_BRIEF_.
Set down, please, exactly the lines below that run from the line with "DMFDCHAN Chicken and" to the line with "Camisa Nümph Numista Fiery Red", both lines included.

_SUPPLIED RECORDS_.
☆ ☆ ☆ ☆

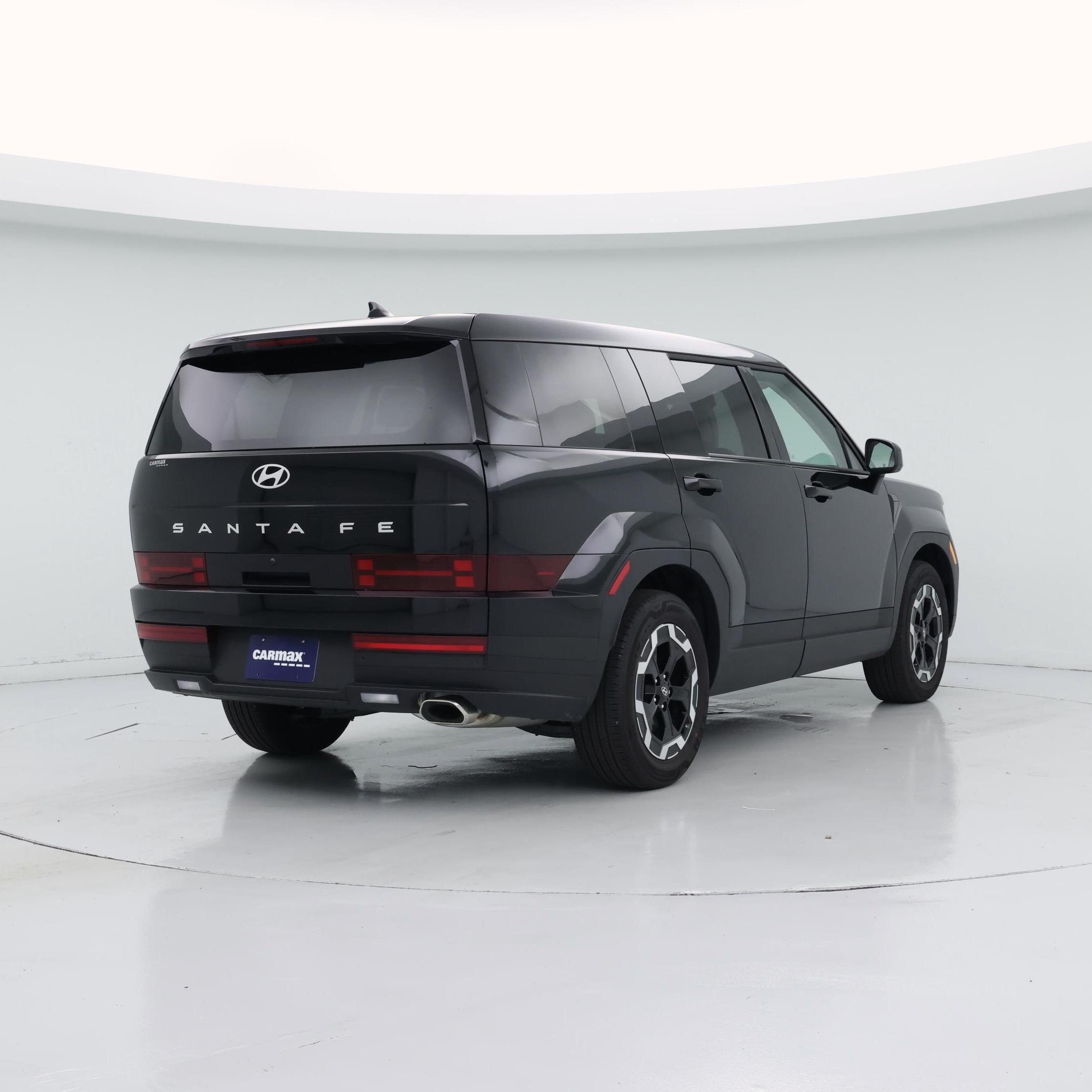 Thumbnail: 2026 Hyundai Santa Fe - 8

☆ ☆ ☆ ☆

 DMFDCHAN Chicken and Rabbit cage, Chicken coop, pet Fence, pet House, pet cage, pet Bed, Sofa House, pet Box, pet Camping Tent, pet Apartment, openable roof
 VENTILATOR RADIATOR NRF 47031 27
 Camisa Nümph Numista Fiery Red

☆ ☆ ☆ ☆

_OUTPUT FOR THIS TASK_.
 DMFDCHAN Chicken and Rabbit cage, Chicken coop, pet Fence, pet House, pet cage, pet Bed, Sofa House, pet Box, pet Camping Tent, pet Apartment, openable roof
 VENTILATOR RADIATOR NRF 47031 27
 Camisa Nümph Numista Fiery Red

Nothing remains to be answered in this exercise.